Musée de la Photographie, Nice
Jusqu’au 25 septembre 2022
Quand Nick Knight déclare «La meilleure image est l’expression de l’artiste», il adopte un point de vue kantien par opposition à l’idéal d’Aristote d’une imitation au plus près de la nature. Créer devient alors une affaire de distance et d’un travail de décomposition de l’objet pour le traduire dans l’ordre du sensible. Il ne s’agit donc plus de représenter mais de sublimer. Nick Knight est un explorateur de l’image. Mondialement célébré pour ses photographies de mode et ses clips de vidéo d’artistes, il se saisit de l’emblème de la rose pour faire subir à celle-ci toute une série de manipulations pour, selon ses mots, «montrer ce qui n’existe pas». Or la rose, par sa charge symbolique, sa poétique liée à l’amour et à l’éphémère de la vie, sa beauté et ses épines, se hisse vers une autre dimension que celle d’un simple objet. Métaphorique, elle est surtout assujettie à une histoire et, dans l’imaginaire collectif, elle se substitue à l’intime.

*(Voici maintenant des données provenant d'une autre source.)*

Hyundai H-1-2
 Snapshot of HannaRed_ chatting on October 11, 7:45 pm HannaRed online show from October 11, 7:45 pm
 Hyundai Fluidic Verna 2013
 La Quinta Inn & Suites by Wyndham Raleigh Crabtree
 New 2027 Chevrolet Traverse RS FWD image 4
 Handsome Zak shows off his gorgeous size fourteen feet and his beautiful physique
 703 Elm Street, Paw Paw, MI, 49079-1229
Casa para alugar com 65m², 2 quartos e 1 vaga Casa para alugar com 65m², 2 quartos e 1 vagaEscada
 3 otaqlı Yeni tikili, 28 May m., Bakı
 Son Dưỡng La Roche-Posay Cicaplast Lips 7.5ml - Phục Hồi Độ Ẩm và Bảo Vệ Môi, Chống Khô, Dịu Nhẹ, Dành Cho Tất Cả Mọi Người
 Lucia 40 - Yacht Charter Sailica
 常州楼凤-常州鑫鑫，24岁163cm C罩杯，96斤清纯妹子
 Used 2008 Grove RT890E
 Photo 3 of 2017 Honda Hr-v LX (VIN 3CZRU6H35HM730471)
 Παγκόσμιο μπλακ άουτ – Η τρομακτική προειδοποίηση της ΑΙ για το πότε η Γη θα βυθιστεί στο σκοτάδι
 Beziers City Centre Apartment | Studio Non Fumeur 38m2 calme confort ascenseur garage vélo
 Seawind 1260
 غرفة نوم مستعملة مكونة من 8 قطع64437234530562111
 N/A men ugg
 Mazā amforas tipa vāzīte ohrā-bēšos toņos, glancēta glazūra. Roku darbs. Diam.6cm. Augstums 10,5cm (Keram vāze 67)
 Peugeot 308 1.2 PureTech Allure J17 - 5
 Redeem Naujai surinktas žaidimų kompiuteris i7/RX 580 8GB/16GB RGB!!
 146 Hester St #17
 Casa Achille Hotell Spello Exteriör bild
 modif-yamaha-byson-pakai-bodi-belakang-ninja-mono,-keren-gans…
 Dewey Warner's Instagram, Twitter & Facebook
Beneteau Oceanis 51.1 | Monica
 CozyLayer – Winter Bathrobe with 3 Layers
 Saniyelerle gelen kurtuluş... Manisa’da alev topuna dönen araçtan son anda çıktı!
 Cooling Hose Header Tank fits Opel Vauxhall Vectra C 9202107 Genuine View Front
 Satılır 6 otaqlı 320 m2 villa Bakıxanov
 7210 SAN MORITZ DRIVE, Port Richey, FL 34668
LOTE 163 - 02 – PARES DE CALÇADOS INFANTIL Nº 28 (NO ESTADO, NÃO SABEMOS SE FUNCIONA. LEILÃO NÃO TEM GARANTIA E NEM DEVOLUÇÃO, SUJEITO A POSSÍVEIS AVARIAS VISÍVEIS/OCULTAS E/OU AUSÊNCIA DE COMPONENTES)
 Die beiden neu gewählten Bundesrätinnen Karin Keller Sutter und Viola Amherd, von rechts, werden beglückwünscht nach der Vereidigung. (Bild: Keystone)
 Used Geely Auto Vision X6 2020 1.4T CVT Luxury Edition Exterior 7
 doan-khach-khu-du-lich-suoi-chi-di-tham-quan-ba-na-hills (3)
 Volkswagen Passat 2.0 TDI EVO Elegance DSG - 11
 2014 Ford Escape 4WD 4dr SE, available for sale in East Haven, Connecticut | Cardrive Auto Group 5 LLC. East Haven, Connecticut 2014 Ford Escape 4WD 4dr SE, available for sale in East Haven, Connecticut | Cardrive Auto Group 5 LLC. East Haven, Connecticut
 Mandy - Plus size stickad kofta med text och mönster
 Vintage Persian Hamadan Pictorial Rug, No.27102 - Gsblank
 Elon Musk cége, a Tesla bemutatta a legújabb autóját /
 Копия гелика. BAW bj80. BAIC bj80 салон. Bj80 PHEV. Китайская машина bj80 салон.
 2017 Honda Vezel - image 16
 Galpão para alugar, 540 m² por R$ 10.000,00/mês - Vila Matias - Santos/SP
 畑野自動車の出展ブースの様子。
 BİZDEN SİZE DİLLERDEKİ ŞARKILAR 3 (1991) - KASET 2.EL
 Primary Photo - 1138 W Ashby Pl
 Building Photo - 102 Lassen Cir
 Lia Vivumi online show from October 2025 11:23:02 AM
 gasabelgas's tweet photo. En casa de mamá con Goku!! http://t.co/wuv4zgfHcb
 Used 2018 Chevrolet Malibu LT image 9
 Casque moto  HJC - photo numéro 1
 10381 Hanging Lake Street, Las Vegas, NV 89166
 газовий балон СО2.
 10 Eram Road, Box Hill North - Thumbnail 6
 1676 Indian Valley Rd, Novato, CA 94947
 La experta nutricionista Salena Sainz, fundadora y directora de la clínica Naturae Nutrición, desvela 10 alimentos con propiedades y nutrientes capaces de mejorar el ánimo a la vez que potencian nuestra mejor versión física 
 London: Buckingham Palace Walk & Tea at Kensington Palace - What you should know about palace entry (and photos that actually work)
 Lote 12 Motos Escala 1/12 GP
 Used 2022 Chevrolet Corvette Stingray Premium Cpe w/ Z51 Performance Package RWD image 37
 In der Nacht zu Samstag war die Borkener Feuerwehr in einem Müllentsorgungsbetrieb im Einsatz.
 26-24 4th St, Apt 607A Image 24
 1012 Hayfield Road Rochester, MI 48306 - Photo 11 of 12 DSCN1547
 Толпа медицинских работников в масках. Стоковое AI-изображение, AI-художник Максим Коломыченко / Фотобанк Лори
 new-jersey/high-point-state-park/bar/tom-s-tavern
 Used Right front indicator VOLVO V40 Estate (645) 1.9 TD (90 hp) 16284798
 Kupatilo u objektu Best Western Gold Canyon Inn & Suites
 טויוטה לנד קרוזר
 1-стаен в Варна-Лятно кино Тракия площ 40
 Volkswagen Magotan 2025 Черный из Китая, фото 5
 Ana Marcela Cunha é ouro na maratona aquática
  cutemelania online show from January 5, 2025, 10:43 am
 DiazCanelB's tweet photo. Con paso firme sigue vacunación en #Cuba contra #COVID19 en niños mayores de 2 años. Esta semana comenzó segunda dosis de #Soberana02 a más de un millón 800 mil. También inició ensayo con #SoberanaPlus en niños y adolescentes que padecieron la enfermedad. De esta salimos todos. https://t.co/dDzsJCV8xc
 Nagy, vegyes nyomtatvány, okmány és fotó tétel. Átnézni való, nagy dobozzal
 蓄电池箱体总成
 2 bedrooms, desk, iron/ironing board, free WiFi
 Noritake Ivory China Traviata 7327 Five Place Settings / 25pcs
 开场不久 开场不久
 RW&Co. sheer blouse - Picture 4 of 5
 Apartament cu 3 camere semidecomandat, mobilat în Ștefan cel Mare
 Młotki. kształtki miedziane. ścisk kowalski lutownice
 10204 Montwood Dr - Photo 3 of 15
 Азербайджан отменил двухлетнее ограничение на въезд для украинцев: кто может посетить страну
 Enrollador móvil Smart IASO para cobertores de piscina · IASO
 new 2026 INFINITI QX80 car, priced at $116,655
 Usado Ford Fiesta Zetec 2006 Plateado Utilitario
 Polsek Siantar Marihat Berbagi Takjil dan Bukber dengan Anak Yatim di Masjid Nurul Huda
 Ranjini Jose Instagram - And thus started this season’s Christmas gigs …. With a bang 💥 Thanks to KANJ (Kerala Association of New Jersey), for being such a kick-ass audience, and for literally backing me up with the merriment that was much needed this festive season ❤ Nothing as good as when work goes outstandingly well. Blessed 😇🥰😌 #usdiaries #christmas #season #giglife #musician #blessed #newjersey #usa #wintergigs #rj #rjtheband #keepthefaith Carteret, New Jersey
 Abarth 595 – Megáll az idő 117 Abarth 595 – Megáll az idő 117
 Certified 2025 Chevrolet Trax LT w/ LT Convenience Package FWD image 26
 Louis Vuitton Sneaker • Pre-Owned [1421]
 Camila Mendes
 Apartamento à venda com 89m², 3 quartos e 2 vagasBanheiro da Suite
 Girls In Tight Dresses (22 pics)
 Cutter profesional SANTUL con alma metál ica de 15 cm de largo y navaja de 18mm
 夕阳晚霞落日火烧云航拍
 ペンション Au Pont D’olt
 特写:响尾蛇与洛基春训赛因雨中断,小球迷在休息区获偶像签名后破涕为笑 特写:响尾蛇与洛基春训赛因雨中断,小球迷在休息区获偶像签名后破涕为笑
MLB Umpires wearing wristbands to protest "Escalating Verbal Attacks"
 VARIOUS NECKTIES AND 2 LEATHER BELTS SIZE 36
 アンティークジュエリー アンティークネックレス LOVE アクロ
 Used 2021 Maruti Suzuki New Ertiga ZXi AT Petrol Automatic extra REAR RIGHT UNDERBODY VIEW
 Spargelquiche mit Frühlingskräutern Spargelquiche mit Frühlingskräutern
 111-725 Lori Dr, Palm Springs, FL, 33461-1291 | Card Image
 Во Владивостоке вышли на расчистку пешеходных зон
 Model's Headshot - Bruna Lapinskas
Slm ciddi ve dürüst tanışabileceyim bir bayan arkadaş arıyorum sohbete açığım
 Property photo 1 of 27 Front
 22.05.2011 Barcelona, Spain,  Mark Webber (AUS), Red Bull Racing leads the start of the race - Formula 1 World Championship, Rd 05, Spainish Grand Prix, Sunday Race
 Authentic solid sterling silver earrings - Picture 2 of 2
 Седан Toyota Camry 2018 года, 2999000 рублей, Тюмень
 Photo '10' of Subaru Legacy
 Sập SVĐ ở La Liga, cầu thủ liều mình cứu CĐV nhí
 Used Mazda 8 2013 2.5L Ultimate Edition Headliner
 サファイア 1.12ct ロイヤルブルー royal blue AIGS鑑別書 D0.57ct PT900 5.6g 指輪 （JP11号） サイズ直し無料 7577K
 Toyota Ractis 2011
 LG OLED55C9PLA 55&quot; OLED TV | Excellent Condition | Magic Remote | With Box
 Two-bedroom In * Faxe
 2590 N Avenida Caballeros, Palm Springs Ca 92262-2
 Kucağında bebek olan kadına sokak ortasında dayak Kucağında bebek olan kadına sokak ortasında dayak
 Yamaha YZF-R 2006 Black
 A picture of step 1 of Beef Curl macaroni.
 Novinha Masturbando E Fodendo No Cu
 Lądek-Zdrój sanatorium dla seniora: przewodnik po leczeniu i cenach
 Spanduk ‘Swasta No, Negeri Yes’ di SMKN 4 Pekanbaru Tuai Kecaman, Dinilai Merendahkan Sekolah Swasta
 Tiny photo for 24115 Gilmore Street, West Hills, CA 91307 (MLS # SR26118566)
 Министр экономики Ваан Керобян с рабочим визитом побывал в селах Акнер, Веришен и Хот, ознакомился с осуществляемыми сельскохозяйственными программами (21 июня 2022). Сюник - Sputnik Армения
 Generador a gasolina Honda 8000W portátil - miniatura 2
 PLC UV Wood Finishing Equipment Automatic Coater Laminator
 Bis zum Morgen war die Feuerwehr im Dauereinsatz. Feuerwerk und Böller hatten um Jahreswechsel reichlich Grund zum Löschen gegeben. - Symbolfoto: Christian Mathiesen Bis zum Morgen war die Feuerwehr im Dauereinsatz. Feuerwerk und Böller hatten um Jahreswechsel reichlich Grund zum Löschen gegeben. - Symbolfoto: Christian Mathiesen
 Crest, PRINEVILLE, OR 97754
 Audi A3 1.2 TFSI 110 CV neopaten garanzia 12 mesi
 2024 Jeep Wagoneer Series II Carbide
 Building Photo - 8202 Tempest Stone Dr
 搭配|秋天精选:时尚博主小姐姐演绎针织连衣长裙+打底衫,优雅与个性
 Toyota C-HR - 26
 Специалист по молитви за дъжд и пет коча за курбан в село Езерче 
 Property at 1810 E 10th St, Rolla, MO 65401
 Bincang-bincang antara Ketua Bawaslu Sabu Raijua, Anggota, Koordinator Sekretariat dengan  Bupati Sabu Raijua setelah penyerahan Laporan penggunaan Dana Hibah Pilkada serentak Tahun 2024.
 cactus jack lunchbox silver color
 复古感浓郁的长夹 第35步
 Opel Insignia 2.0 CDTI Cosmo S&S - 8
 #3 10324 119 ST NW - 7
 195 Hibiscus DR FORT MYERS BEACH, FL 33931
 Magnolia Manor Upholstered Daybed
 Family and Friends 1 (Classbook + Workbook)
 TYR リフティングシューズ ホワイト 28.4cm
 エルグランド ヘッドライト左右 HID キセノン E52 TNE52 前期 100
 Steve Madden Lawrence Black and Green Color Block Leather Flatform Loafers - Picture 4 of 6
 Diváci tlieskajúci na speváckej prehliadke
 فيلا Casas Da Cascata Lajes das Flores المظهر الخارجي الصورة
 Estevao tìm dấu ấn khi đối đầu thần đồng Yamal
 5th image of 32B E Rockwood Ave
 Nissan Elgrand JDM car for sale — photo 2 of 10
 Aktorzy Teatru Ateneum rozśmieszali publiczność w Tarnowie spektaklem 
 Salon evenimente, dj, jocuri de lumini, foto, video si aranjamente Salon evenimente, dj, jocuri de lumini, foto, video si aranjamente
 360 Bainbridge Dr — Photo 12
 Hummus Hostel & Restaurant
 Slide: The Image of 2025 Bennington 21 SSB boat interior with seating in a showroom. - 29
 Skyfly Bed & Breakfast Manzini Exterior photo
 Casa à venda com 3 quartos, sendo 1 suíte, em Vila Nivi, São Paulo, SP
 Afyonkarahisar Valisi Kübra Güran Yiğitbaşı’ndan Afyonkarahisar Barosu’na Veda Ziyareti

Par son travail sur l’image de la rose, Nick Knight, sur de grands formats entrouvre les portes de son jardin secret, là où à Londres, à l’écart de l’agitation des grands studios de mode, il recueille ses fleurs. Il en extrait parfois les pétales, les met en scène comme il le ferait pour une star, lui prodiguant des soins de maquillage en s'aidant ici d’un simple Iphone pour les photographier. A la lumière naturelle, sur une table, il dispose minutieusement bouquets, tiges, vases et corolles et l’équilibre de la composition est en elle-même un défi à la réalité. Puis il manipule l’image à l’aide de filtres, en redessine les contours à l’aide d’un crayon numérique et d’un logiciel pour en accentuer l’aspect artificiel. Et par le biais de l’intelligence artificielle, il oppose la méta-fleur à la métaphore, la beauté magnifiée à la beauté naturelle.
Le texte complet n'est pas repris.